>>>

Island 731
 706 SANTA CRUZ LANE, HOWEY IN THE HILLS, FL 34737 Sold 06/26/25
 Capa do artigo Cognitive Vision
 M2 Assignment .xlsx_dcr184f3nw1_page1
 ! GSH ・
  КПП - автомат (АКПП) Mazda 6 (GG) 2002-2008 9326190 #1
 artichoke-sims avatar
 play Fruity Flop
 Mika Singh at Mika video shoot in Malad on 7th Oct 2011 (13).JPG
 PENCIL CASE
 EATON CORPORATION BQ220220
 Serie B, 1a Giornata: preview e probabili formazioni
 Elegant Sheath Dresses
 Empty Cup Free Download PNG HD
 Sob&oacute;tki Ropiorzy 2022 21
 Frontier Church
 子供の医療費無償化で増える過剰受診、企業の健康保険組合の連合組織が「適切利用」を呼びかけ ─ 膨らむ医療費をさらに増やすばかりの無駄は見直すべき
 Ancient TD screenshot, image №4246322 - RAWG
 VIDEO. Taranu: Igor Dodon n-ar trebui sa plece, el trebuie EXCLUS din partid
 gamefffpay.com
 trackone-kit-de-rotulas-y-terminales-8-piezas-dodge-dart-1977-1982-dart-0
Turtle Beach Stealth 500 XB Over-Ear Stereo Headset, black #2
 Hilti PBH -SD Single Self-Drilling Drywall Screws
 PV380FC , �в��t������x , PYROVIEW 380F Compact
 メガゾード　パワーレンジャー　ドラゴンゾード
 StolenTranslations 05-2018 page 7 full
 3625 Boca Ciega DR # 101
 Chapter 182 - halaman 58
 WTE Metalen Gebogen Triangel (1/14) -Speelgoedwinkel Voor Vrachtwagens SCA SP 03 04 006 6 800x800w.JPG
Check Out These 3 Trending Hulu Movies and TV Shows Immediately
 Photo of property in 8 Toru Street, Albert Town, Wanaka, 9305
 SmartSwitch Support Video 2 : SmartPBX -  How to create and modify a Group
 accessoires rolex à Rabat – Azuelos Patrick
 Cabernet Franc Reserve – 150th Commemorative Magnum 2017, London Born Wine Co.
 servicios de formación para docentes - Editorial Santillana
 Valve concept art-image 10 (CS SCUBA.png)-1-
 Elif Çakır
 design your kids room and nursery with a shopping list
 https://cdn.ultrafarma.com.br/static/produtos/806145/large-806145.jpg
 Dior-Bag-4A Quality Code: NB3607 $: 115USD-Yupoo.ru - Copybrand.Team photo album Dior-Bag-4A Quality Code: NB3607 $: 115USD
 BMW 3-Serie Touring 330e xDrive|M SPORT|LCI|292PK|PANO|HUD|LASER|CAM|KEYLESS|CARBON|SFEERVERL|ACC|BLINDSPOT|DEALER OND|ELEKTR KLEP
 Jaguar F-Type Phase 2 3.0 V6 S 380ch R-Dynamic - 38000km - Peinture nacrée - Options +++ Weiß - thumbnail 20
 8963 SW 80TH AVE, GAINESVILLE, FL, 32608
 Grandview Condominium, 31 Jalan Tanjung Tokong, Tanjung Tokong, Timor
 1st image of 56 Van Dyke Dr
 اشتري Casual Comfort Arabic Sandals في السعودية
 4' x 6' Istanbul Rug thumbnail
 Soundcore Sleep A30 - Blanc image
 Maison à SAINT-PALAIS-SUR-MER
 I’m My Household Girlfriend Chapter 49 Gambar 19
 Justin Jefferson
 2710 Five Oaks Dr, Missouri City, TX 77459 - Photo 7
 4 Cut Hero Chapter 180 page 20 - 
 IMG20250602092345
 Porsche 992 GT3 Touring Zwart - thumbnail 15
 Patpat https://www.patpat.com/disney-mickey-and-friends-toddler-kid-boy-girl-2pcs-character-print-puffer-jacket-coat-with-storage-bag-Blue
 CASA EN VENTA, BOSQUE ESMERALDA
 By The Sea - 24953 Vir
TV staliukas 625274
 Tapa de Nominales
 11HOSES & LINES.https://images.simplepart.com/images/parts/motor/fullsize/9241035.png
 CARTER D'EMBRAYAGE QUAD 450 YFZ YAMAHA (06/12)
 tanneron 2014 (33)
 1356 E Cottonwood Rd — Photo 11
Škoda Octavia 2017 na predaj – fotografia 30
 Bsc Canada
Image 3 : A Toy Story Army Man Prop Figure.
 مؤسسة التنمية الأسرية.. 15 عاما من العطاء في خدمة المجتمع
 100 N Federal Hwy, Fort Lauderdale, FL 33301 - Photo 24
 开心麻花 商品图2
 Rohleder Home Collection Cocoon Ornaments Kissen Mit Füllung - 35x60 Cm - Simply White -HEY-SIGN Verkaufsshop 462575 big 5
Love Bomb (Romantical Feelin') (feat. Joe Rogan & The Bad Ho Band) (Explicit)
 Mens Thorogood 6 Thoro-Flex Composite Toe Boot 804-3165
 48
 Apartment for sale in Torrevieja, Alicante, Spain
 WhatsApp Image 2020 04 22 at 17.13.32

<<<

_ASSIGNED TASK_
Reproduce the data in full, exactly.

_EXERCISE ANSWER_
Island 731
 706 SANTA CRUZ LANE, HOWEY IN THE HILLS, FL 34737 Sold 06/26/25
 Capa do artigo Cognitive Vision
 M2 Assignment .xlsx_dcr184f3nw1_page1
 ! GSH ・
  КПП - автомат (АКПП) Mazda 6 (GG) 2002-2008 9326190 #1
 artichoke-sims avatar
 play Fruity Flop
 Mika Singh at Mika video shoot in Malad on 7th Oct 2011 (13).JPG
 PENCIL CASE
 EATON CORPORATION BQ220220
 Serie B, 1a Giornata: preview e probabili formazioni
 Elegant Sheath Dresses
 Empty Cup Free Download PNG HD
 Sob&oacute;tki Ropiorzy 2022 21
 Frontier Church
 子供の医療費無償化で増える過剰受診、企業の健康保険組合の連合組織が「適切利用」を呼びかけ ─ 膨らむ医療費をさらに増やすばかりの無駄は見直すべき
 Ancient TD screenshot, image №4246322 - RAWG
 VIDEO. Taranu: Igor Dodon n-ar trebui sa plece, el trebuie EXCLUS din partid
 gamefffpay.com
 trackone-kit-de-rotulas-y-terminales-8-piezas-dodge-dart-1977-1982-dart-0
Turtle Beach Stealth 500 XB Over-Ear Stereo Headset, black #2
 Hilti PBH -SD Single Self-Drilling Drywall Screws
 PV380FC , �в��t������x , PYROVIEW 380F Compact
 メガゾード　パワーレンジャー　ドラゴンゾード
 StolenTranslations 05-2018 page 7 full
 3625 Boca Ciega DR # 101
 Chapter 182 - halaman 58
 WTE Metalen Gebogen Triangel (1/14) -Speelgoedwinkel Voor Vrachtwagens SCA SP 03 04 006 6 800x800w.JPG
Check Out These 3 Trending Hulu Movies and TV Shows Immediately
 Photo of property in 8 Toru Street, Albert Town, Wanaka, 9305
 SmartSwitch Support Video 2 : SmartPBX -  How to create and modify a Group
 accessoires rolex à Rabat – Azuelos Patrick
 Cabernet Franc Reserve – 150th Commemorative Magnum 2017, London Born Wine Co.
 servicios de formación para docentes - Editorial Santillana
 Valve concept art-image 10 (CS SCUBA.png)-1-
 Elif Çakır
 design your kids room and nursery with a shopping list
 https://cdn.ultrafarma.com.br/static/produtos/806145/large-806145.jpg
 Dior-Bag-4A Quality Code: NB3607 $: 115USD-Yupoo.ru - Copybrand.Team photo album Dior-Bag-4A Quality Code: NB3607 $: 115USD
 BMW 3-Serie Touring 330e xDrive|M SPORT|LCI|292PK|PANO|HUD|LASER|CAM|KEYLESS|CARBON|SFEERVERL|ACC|BLINDSPOT|DEALER OND|ELEKTR KLEP
 Jaguar F-Type Phase 2 3.0 V6 S 380ch R-Dynamic - 38000km - Peinture nacrée - Options +++ Weiß - thumbnail 20
 8963 SW 80TH AVE, GAINESVILLE, FL, 32608
 Grandview Condominium, 31 Jalan Tanjung Tokong, Tanjung Tokong, Timor
 1st image of 56 Van Dyke Dr
 اشتري Casual Comfort Arabic Sandals في السعودية
 4' x 6' Istanbul Rug thumbnail
 Soundcore Sleep A30 - Blanc image
 Maison à SAINT-PALAIS-SUR-MER
 I’m My Household Girlfriend Chapter 49 Gambar 19
 Justin Jefferson
 2710 Five Oaks Dr, Missouri City, TX 77459 - Photo 7
 4 Cut Hero Chapter 180 page 20 - 
 IMG20250602092345
 Porsche 992 GT3 Touring Zwart - thumbnail 15
 Patpat https://www.patpat.com/disney-mickey-and-friends-toddler-kid-boy-girl-2pcs-character-print-puffer-jacket-coat-with-storage-bag-Blue
 CASA EN VENTA, BOSQUE ESMERALDA
 By The Sea - 24953 Vir
TV staliukas 625274
 Tapa de Nominales
 11HOSES & LINES.https://images.simplepart.com/images/parts/motor/fullsize/9241035.png
 CARTER D'EMBRAYAGE QUAD 450 YFZ YAMAHA (06/12)
 tanneron 2014 (33)
 1356 E Cottonwood Rd — Photo 11
Škoda Octavia 2017 na predaj – fotografia 30
 Bsc Canada
Image 3 : A Toy Story Army Man Prop Figure.
 مؤسسة التنمية الأسرية.. 15 عاما من العطاء في خدمة المجتمع
 100 N Federal Hwy, Fort Lauderdale, FL 33301 - Photo 24
 开心麻花 商品图2
 Rohleder Home Collection Cocoon Ornaments Kissen Mit Füllung - 35x60 Cm - Simply White -HEY-SIGN Verkaufsshop 462575 big 5
Love Bomb (Romantical Feelin') (feat. Joe Rogan & The Bad Ho Band) (Explicit)
 Mens Thorogood 6 Thoro-Flex Composite Toe Boot 804-3165
 48
 Apartment for sale in Torrevieja, Alicante, Spain
 WhatsApp Image 2020 04 22 at 17.13.32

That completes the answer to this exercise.